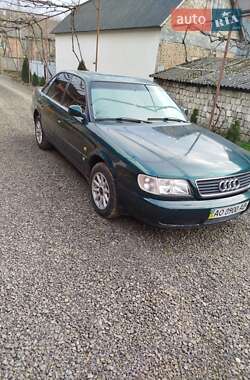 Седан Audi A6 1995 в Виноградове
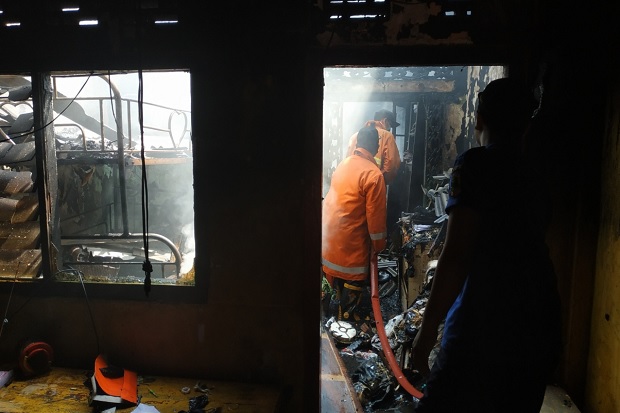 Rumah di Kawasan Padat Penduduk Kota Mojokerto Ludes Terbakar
--------------------
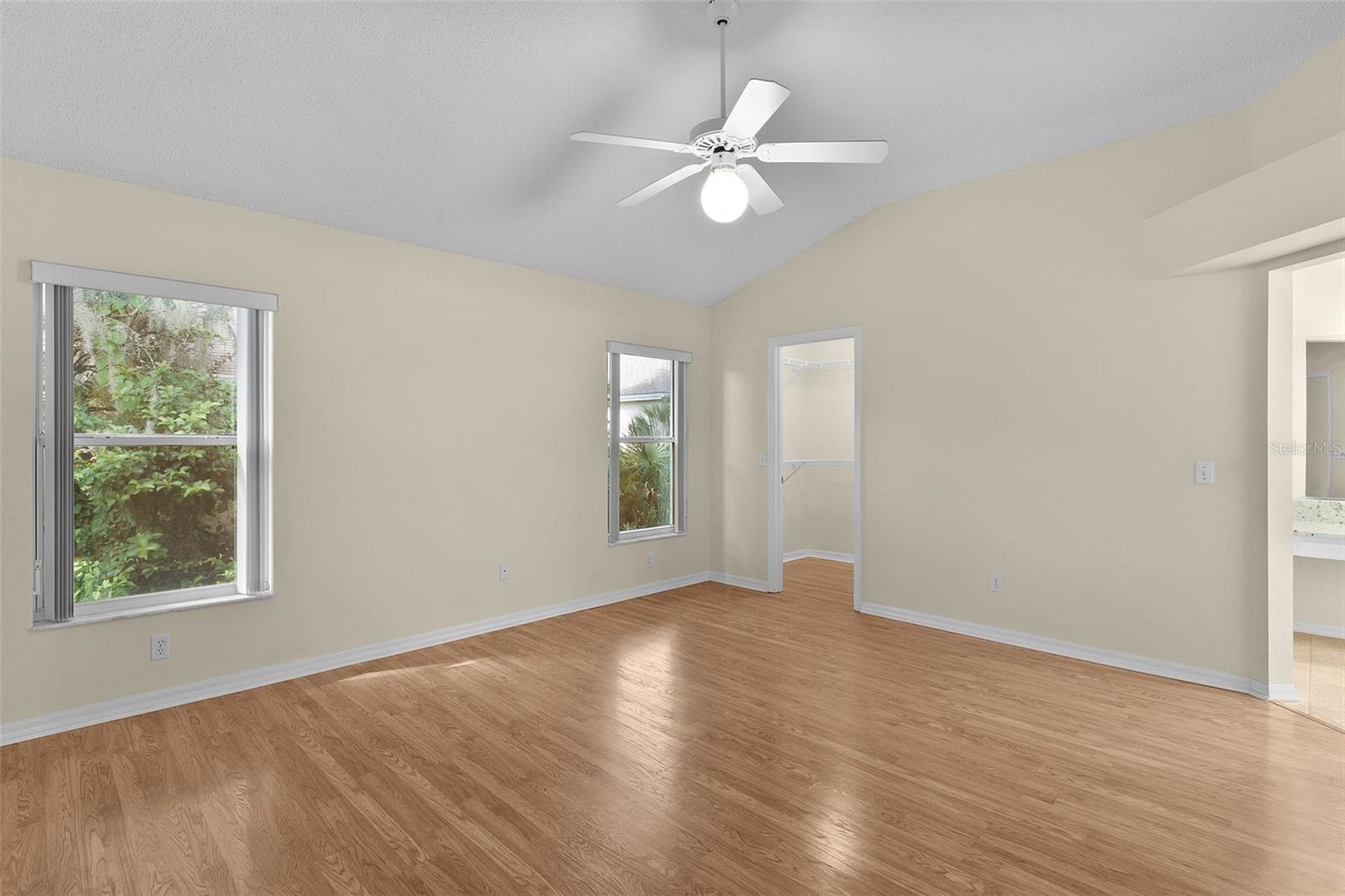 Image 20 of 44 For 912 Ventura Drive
--------------------
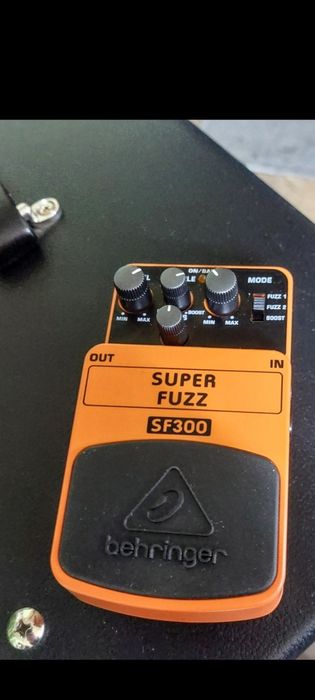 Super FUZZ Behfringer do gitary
--------------------
Using the listing above, reproduce word for word every line from the one containing "Седан Audi A6 1995 в Виноградове" through the one containing "Rumah di Kawasan". Pictures must be left out.

Solution below:
 Седан Audi A6 1995 в Виноградове
 Rumah di Kawasan Padat Penduduk Kota Mojokerto Ludes Terbakar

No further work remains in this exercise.